According to the synopsis of When We Were Old, “At every stage of life, there are moments when we are old: moments of stunning, tragic, sardonic clarity, when the confusion of our existence settles to the ground and the world is made manifest to us in all its pitilessness and absurdity. When We Were Old is a parade of such moments, whether they arise in the midst of domestic hurly-burly, midlife sex on a wilderness camping trip, or an accidental brush with atrocities on the internet; in a memory of childhood fear or youthful folly, a solitary reckoning in the mirror, or a stranger’s letter written from a nursing home. Terrible things happen to people and life goes on; the dead go on, sometimes mingling with the living….”
When We Were Old will launch June 12, from 6 to 8pm, at Free Times Café, 320 College St. in Toronto. Unwin’s readings will be interspersed with live music by musicians from the York & Ryerson Joint Graduate Program in Communication and Culture – Jack Jamieson and Pablo Petrucci on guitars and vocals.

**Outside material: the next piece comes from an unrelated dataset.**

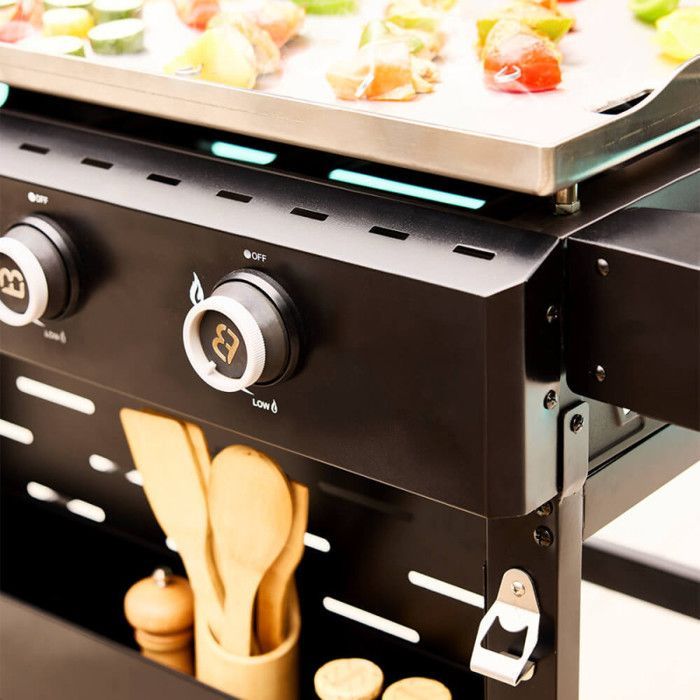 Plancha de gas Stellar 700 - BRASERO BY FAVEX - 3 quemadores 12 kW - Placa de acero inoxidable 69,5 x 44 cm - Para 12 personas - Tapa, carro incluido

Unwin’s third book to be published in the last year is non-fiction – Canadian Folk Portraits of Remarkable Lives (Dundurn Press, 2013). “I think Canadian history is a lot more fascinating than most people think,” says Unwin.

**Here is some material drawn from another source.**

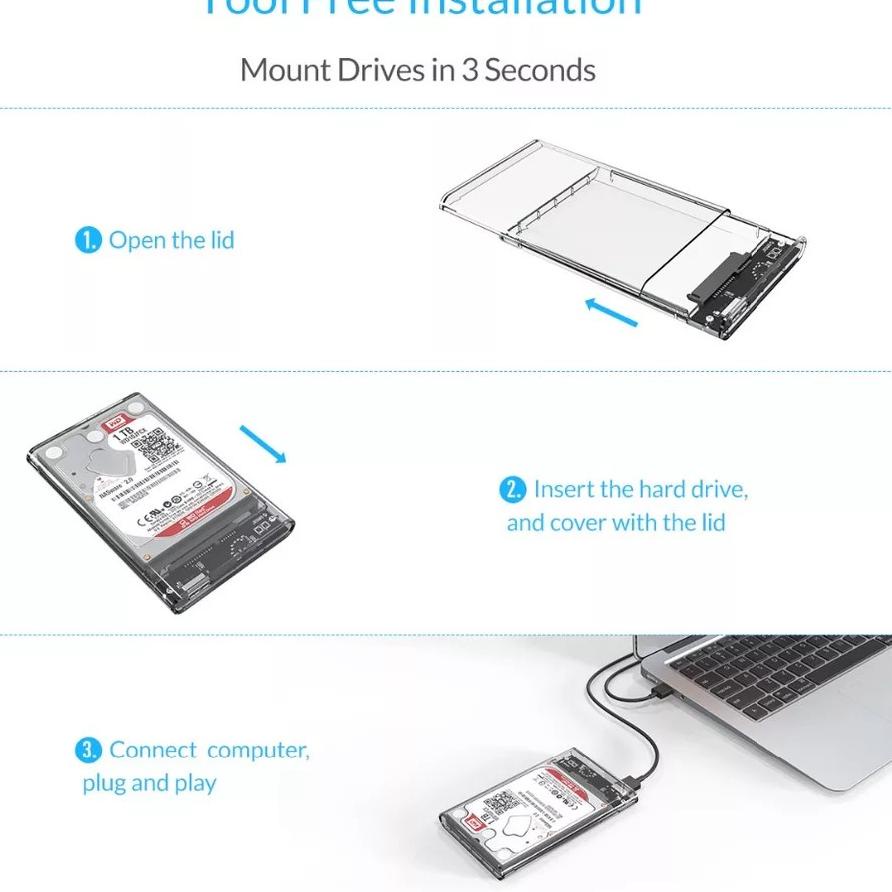 Hộp Đựng Ổ Cứng Ngoài Hdd / Ssd Trong Suốt 2.5 "Usb 3.0 Sata | BigBuy360 - bigbuy360.vn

It is described as “a joyous romp through the back pages of Canadian quirkiness” providing “a fresh look at the saints, sinners, oddballs, and outright nutbars who have populated the Canadian landscape. They were perpetually northbound or south; they were inveterate walkers, or world class runners, millionaires in ill-advised Citroen half-tracks….From doomed explorers to celebrated poets of cheese, this collection provides a fascinating look at the eminent and no-so-eminent characters who came before us and left their colourful mark on Canada’s history.”
Having cleared his office drawer of the three manuscripts which have morphed into published works, Unwin is tackling the genre of academic writing. “It’s a new form,” he says, adding that he was excited to take on the challenge. With two years of his MA degree in communication and culture under his belt, he plans to begin his PhD degree in humanities at York University this fall.
“Having straddled the great digital divide” Unwin is interested in pursuing his PhD studies looking at what society has lost by moving away from the organic and biological foundation of literacy, the use of paper and ink. “What does it mean to communication when in a sense we make it obsolescent,” he asks.
For now, Unwin will keep writing as he mulls over the answer.